My name is Julia Lewandowska and I hold a Ph.D. in Cultural and Religious Studies from the University of Warsaw (2016, summa cum laude). Since 2017, I am the Associate Professor at the Faculty ‘Artes Liberales’ at the same institution.
I am a specialist in women’s conventual culture, which I approach from literary studies, cultural studies, history of religion and philosophy due to my interdisciplinary background. I publish in Spanish, English, Polish and Portuguese, which increases the impact of my work, but also addresses the strategy of linguistic diversity in humanities publications.
I have published articles in journals such as Women’s Writing (Routledge), Studia Aurea, Temas Americanistas or Teksty Drugie, as well as edited books’ chapters with publishers such as Brill, Brepols, Iberoamericana, Cambridge Scholar Publishing, Peter Lang, Renacimiento, among others. My monograph Escritoras monjas. Autoridad y autoría en la escritura conventual femenina de los Siglos de Oro (Iberoamericana-Vervuert 2019) has been recognised with national and international awards (Polish Association of Hispanists for Best Monograph in Cultural Studies, History and Literature of the Biennium 2019-2020; Victoria Urbano Prize 2020 Honourable Mention). Its main contribution to the field has been to provide a representative corpus of unknown Spanish nun writers and unpublished manuscript and old-print sources, and to establish an innovative methodology for analysing the texts and contexts of nuns’ writing through the first typology of authorial models of religious women writers. Among my recent publications I would like to highlight the article ‘Communitas y auctoritas: repensar la comunidad religiosa femenina de la alta modernidad. Caso de Ana Francisca Abarca de Bolea (O. Cist., 1602-ca. 1686) y las Cistercienses de Casbas’ (Studia Áurea.
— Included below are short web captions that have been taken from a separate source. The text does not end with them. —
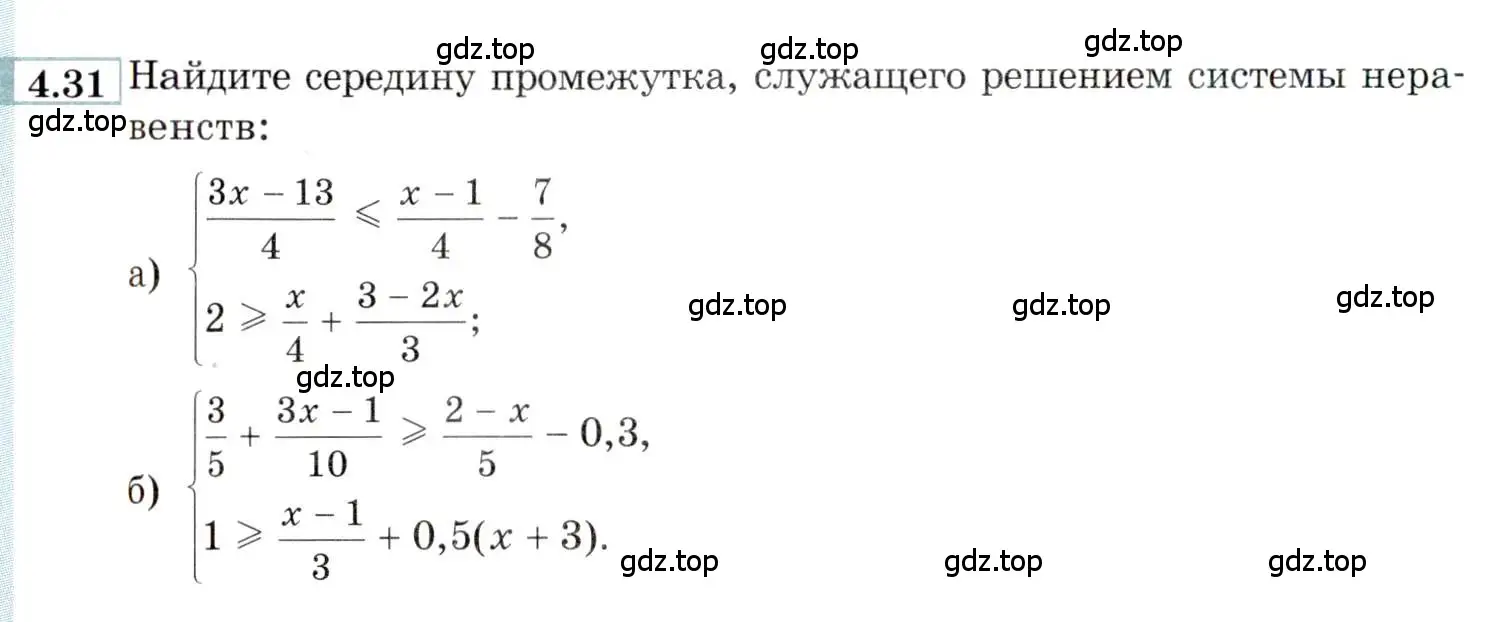 Условие номер 4.31 (страница 22) гдз по алгебре 9 класс Мордкович, Семенов, задачник 2 часть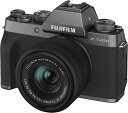 【中古】【アウトレット品】FUJIFILM ミラーレス一眼カメラ X-T200レンズキット ダークシルバー X-T200LK-DS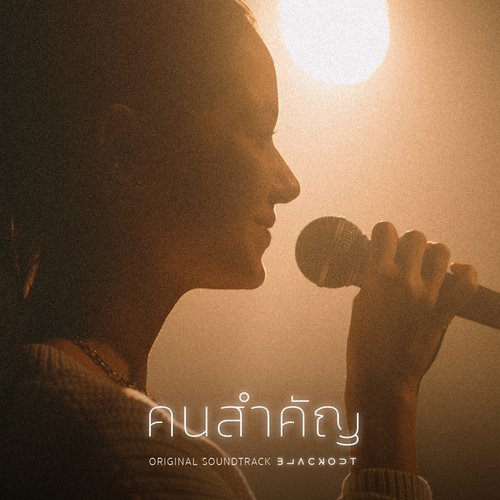 คนสำคัญ (Matter) (From Blackout บาร์ลับไม่มีในโลก)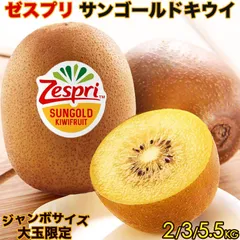 ＜予約4月上旬＞【ゼスプリ】サンゴールドキウイ 約5.5kg 37~44玉 産地箱 ｜ニュージーランド産｜毎日食べるといい果物｜甘味が強くビタミンC豊富で栄養満点｜Zespri SunGold Kiwi 黃金奇異果｜家庭用 贈答用 母の日 お中元｜国内検品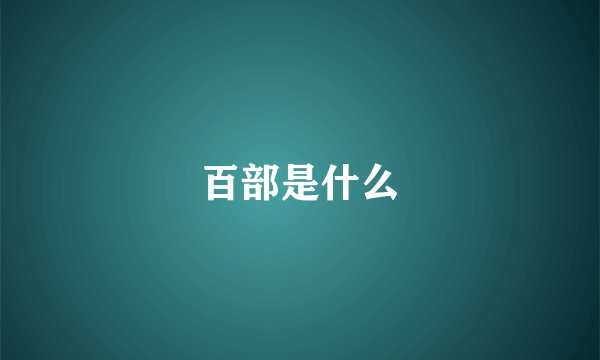 百部是什么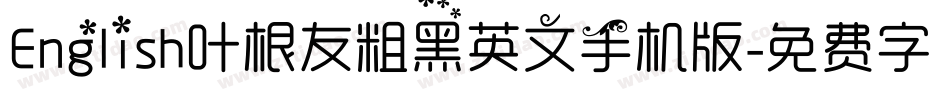 English叶根友粗黑英文手机版字体转换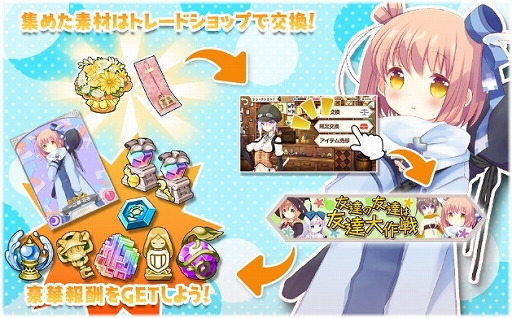 ���������꡼ No.008�Υ���ͥ������ / �֤����ե��󥿥����פǡ�ͧã��ͧã��ͧã�����2019�ԥå����å׾����פ�����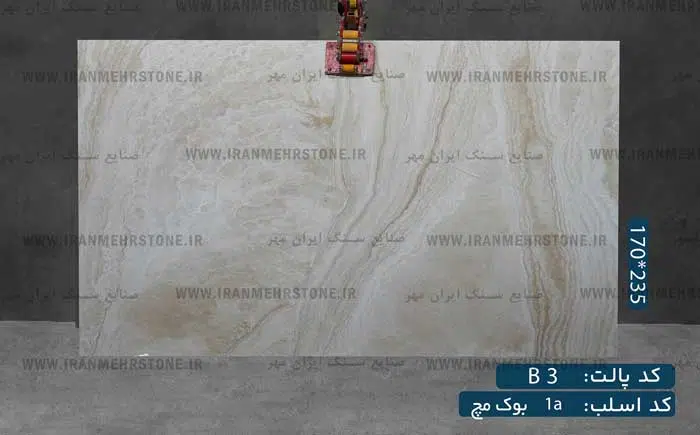 اسلب سنگ عباس آباد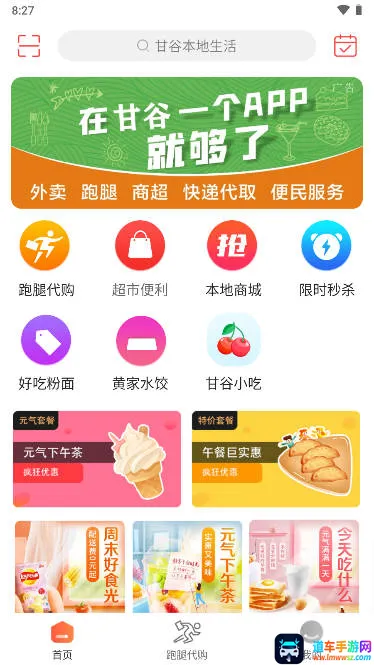 甘谷本地生活(本地生活服务) 甘谷本地生活(本地生活服务)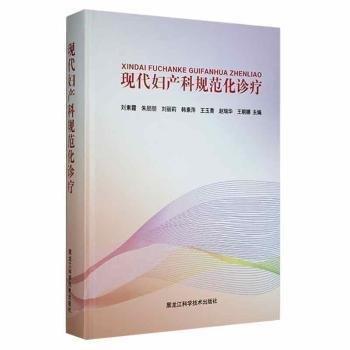現(xiàn)代婦產(chǎn)科規(guī)范化診療 婦產(chǎn)科 
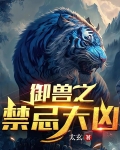 御兽之禁忌大凶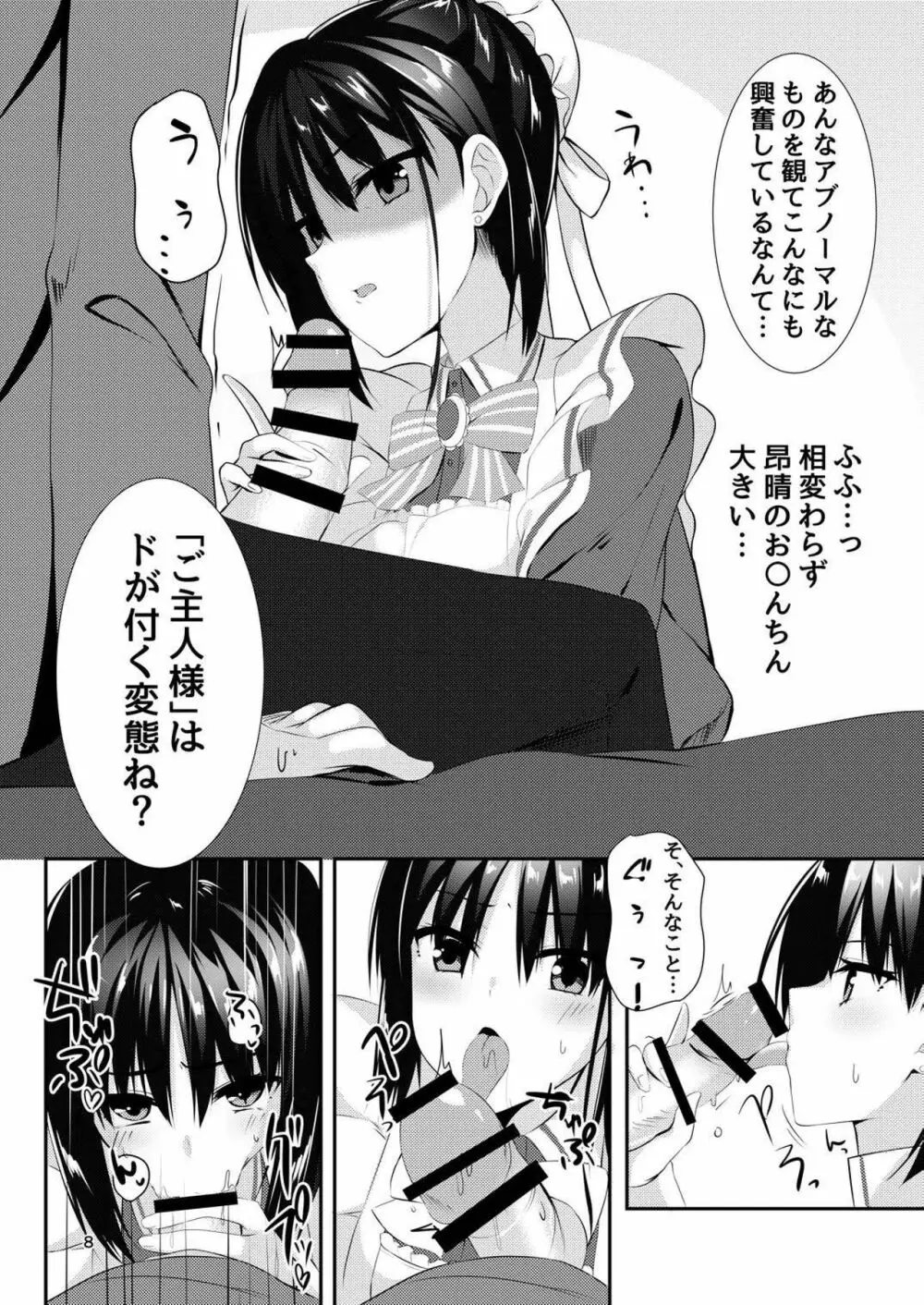 メイドな彼女は俺の話を聞かないっ! 7ページ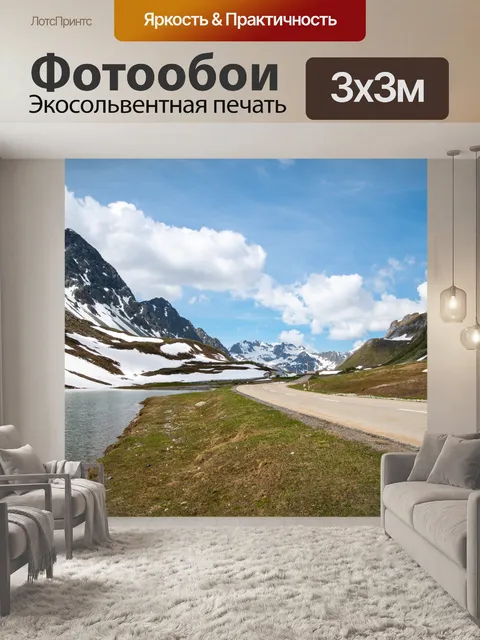 Фотообои Пейзаж, горная дорога, горные земли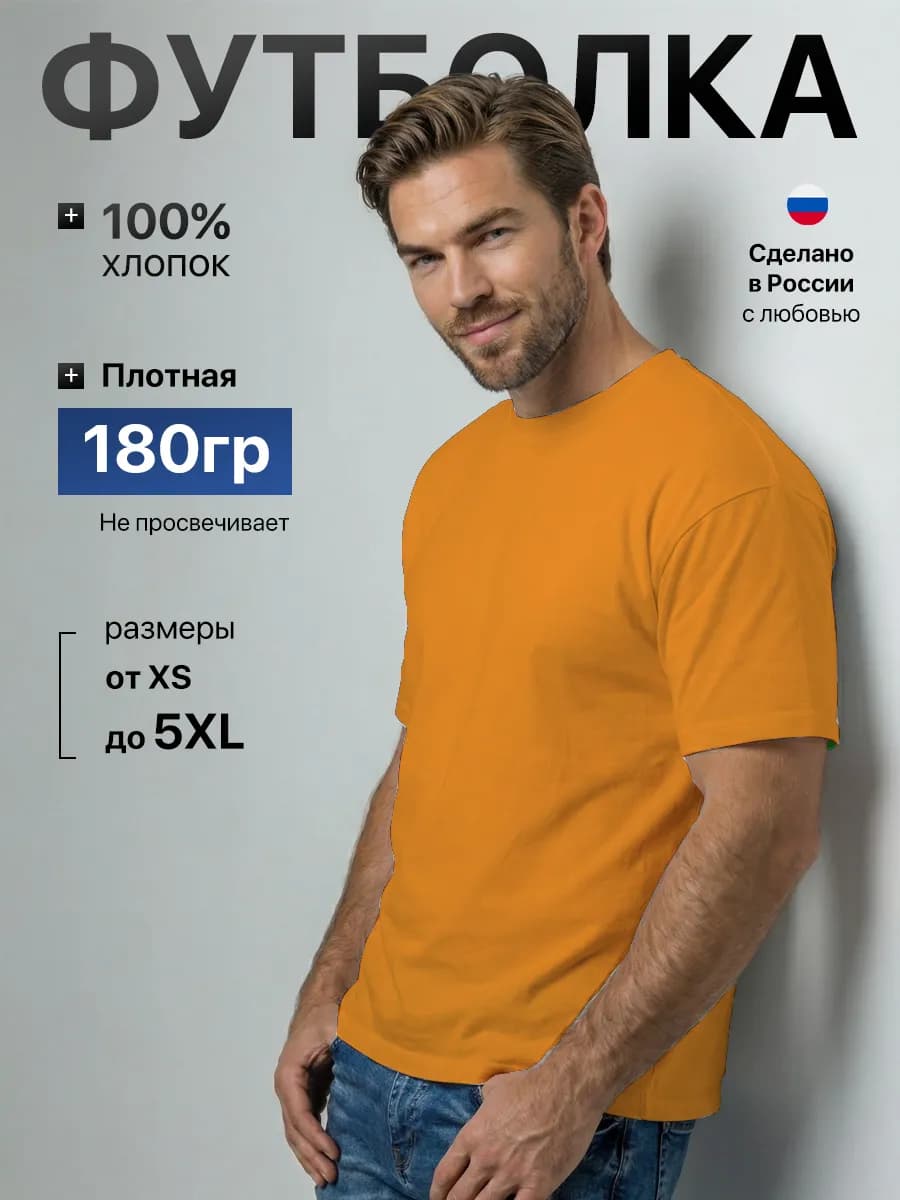 Футболка хлопок однотонная базовая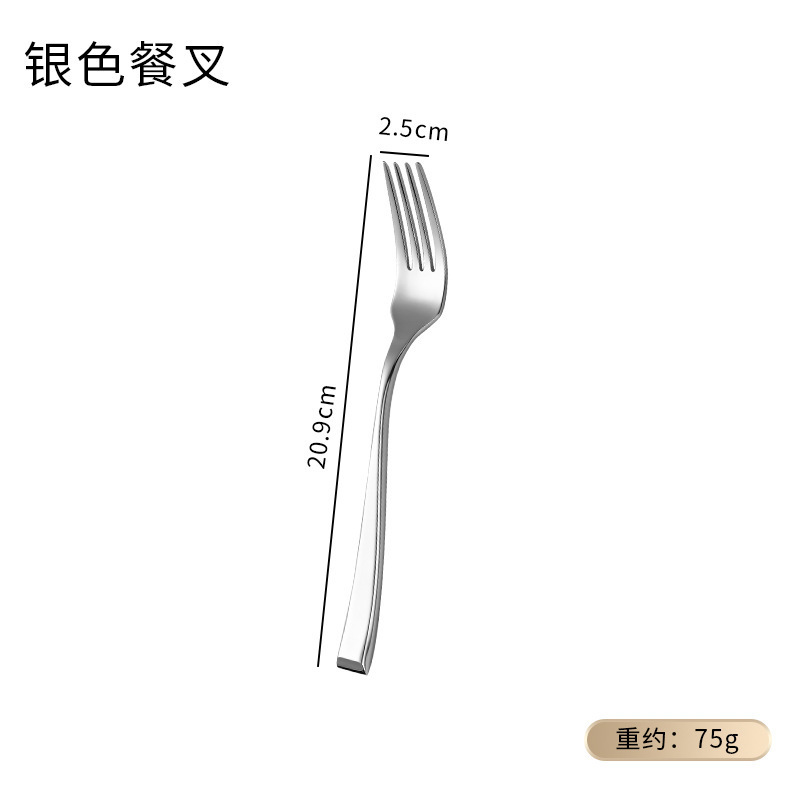 新品304不锈钢西餐勺子刀叉子套装家用酒店甜品咖啡叉勺|undefined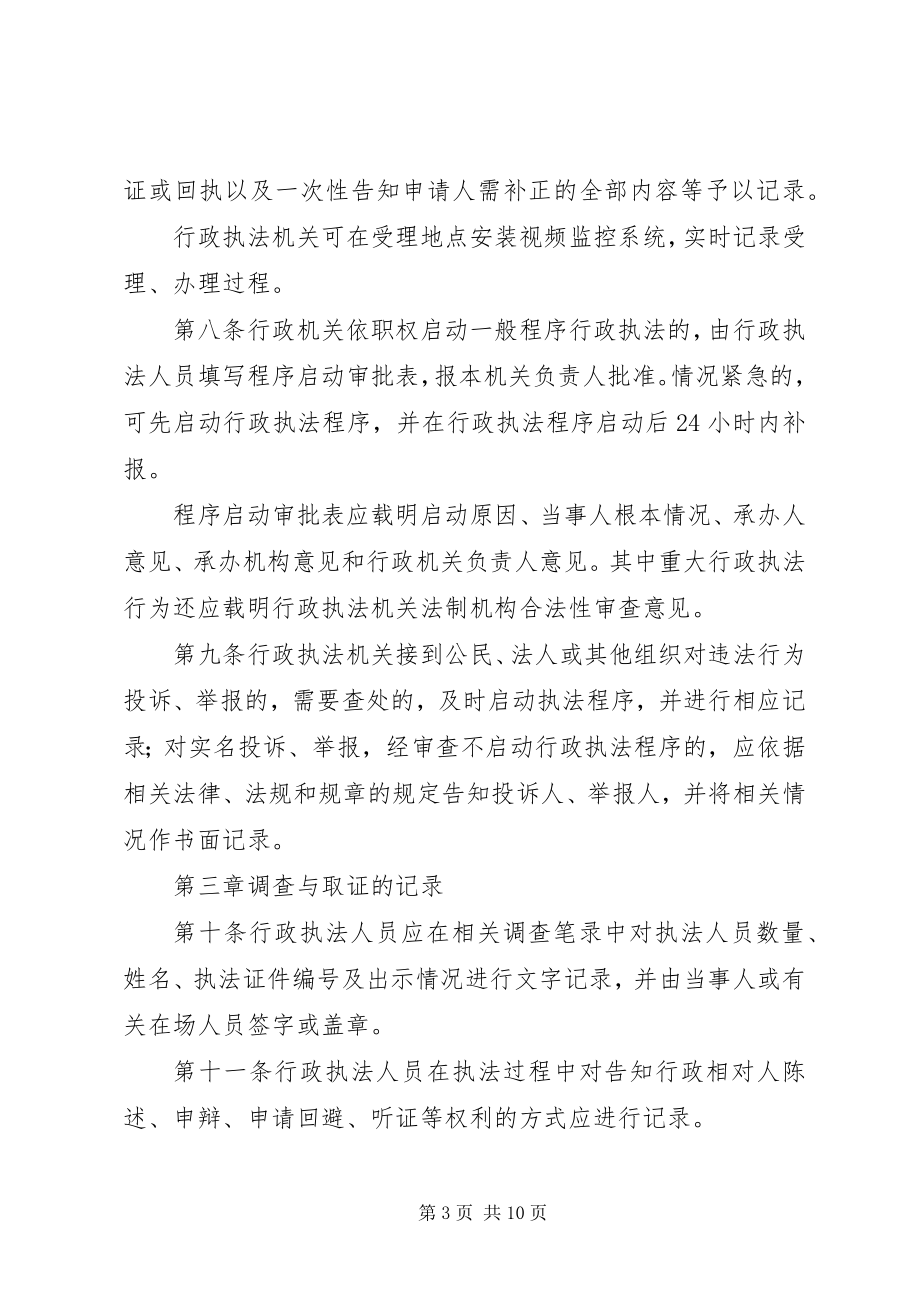 2023年XX省人民政府办公厅XX省行政执法全过程记录实施办法新编.docx_第3页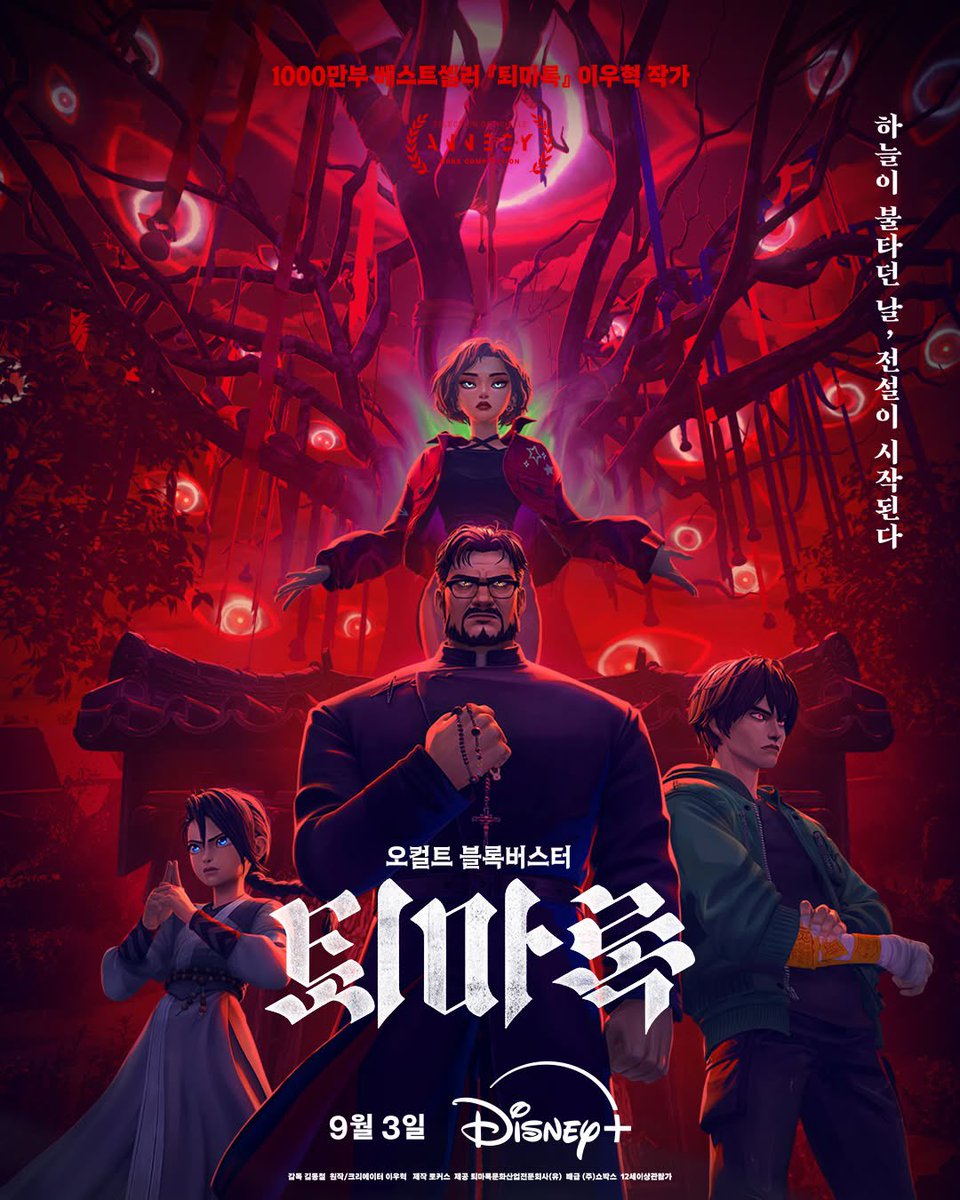 <퇴마록> 9월 3일 디즈니+ 공개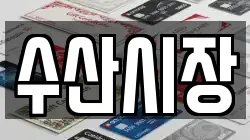 수산시장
Revista de Literatura Española y Teoría Literaria del Renacimiento, 16, 2022: 15-34), which is a theoretical-interpretive approach (driving on community studies and the critical thought of M. Segarra, R. Esposito and J. Butler) to the notion of the early modern female religious community as a strategic unity and discursive instrument, analysed through the case of Ana Francisca Abarca de Bolea (O. Cist., ca. 1602-1686) and the Cistercians of the Villa de Casbas.
I am currently leading the project The Mother Tongue. Textuality, Authority, and Community in the post-Teresian Female Monasticism (ca. 1562-1700) (PI, National Science Centre, Poland), dedicated to the analysis of the textual production of the ‘spiritual daughters’ of Teresa de Jesús and the impact of their thought on the post-conciliar Europe. I am also a member of the research team of two international projects: Fastos, simulacros y saberes en la América Virreinal at the ILLA CCHS Consejo Superior de Investigaciones Científicas (dir. Judith Farré Vidal) and Prácticas culturales y discurso epistolar de las mujeres españolas de la primera Edad Moderna (BIESES 7) of the UNED. Universidad Nacional de Educación a Distancia (dir. Nieves Baranda Leturio). Since 2021 I am co-editor of the Brepols Publishers series Women in Christianity. A Cultural History of Women Religious from Late Antiquity to the Early Modern Period.
I am also systematically lecturing on the topic of my research, which addresses the need to expand the women’s intellectual history field to a wider research community, with 19 invited lectures and talks delivered since 2019. I have also participated in 25 international conferences between 2011 and 2025, including in Naples, Madrid, Barcelona, Lisbon, Warsaw, Funchal (Madeira), Seville, and Valencia and I have co-organized 13 international conferences and seminars in Italy, Spain and Poland, including the most recent International Seminar ‘Mujeres religiosas más allá de los bordes: dinámicas de producción, circulación y adaptación cultural entre el viejo y el nuevo mundo (siglos XVI a XVIII)’ co-organized with Dr Alejandra Fuentes (U. Chile) (International Congress of AHILA). The aim of this international seminar was to bring together international experts on women religious history and promote dialogue and new lines of research on the role that women´s monasticim played in the processes of cultural transfer between the Mediterranean and the colonial American world (Naples, Italy 2-6/09/24).
My research interests include modern women’s history and thought, the literary culture of women’s monasticism, theology, rhetoric and the history of emotions in religious discourses.